Directions: Under this line are the records; write out word for word the part that begins at the line containing "Stopper, Matte Black" and ends at the line containing "Ежедневник недат. А5", and no more.
[Material supplied]
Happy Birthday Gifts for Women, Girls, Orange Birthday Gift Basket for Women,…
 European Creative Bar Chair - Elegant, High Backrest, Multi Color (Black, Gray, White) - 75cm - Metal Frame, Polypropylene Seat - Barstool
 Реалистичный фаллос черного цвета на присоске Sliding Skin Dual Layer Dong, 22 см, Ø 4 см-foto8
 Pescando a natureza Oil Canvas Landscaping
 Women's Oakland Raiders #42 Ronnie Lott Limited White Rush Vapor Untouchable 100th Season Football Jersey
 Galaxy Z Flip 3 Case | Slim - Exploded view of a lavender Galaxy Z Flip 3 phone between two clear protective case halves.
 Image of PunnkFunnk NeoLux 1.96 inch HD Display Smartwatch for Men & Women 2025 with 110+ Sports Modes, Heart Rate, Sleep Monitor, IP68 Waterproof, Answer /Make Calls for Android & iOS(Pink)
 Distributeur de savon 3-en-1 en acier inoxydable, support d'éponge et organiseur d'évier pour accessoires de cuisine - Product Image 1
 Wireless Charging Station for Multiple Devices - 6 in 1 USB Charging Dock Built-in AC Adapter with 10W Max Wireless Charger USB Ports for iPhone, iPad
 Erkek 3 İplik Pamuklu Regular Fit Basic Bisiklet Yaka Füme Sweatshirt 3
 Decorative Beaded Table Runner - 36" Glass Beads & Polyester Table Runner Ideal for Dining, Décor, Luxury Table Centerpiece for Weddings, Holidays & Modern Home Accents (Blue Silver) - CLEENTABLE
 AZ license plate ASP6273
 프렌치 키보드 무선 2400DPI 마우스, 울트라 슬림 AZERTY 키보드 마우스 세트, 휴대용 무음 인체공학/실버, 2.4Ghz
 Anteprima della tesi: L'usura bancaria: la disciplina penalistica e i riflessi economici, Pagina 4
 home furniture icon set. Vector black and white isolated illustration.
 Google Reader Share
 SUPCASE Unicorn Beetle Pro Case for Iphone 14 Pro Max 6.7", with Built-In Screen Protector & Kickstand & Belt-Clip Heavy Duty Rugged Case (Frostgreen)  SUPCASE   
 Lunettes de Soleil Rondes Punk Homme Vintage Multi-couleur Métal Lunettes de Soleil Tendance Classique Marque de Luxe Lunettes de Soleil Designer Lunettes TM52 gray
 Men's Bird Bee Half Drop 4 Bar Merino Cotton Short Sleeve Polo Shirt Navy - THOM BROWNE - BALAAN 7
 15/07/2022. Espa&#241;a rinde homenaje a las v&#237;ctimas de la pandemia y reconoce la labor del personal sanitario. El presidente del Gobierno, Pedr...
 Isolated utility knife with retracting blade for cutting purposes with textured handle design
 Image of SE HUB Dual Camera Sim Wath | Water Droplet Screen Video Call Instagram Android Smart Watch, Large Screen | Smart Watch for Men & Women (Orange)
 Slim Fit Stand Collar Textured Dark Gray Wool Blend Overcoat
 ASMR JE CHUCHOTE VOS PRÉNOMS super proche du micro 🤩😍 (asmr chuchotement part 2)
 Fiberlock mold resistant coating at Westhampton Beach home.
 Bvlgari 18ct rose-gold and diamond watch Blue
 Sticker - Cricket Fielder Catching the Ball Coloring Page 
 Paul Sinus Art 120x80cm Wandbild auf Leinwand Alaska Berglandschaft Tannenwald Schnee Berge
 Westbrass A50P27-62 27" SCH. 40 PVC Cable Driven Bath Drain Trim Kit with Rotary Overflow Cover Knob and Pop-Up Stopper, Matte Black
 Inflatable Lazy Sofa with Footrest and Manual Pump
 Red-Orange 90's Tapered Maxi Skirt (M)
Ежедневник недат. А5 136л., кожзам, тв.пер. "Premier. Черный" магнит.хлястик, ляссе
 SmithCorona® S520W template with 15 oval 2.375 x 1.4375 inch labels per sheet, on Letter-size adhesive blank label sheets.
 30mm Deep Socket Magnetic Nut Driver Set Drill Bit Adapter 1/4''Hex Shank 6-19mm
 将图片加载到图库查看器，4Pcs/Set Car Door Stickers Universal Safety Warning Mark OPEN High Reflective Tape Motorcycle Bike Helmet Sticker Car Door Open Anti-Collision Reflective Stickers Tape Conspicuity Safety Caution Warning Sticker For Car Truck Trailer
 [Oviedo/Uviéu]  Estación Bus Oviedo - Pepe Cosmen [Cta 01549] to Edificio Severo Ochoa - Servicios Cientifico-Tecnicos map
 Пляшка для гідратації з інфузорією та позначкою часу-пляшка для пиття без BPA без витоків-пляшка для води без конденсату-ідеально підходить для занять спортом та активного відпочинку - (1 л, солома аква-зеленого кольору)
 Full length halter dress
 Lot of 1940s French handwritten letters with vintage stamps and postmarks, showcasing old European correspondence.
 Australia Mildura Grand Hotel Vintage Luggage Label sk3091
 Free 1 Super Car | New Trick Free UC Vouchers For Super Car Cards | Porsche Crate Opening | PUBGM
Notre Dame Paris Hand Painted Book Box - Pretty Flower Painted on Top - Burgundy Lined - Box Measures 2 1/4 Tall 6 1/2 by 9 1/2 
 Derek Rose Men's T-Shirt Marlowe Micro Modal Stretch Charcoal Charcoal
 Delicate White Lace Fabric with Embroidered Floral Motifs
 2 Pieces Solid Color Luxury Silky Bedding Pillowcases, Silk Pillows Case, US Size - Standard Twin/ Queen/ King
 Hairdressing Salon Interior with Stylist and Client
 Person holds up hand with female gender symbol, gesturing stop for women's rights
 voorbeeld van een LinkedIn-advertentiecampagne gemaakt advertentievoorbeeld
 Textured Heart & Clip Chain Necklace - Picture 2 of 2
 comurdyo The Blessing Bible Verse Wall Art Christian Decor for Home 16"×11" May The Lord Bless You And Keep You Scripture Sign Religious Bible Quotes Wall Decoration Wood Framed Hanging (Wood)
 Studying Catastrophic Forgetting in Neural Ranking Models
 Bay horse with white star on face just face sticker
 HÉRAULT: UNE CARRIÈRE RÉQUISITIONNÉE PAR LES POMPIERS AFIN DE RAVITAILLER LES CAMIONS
[/Material supplied]
Exercise response:
 Westbrass A50P27-62 27" SCH. 40 PVC Cable Driven Bath Drain Trim Kit with Rotary Overflow Cover Knob and Pop-Up Stopper, Matte Black
 Inflatable Lazy Sofa with Footrest and Manual Pump
 Red-Orange 90's Tapered Maxi Skirt (M)
Ежедневник недат. А5 136л., кожзам, тв.пер. "Premier. Черный" магнит.хлястик, ляссе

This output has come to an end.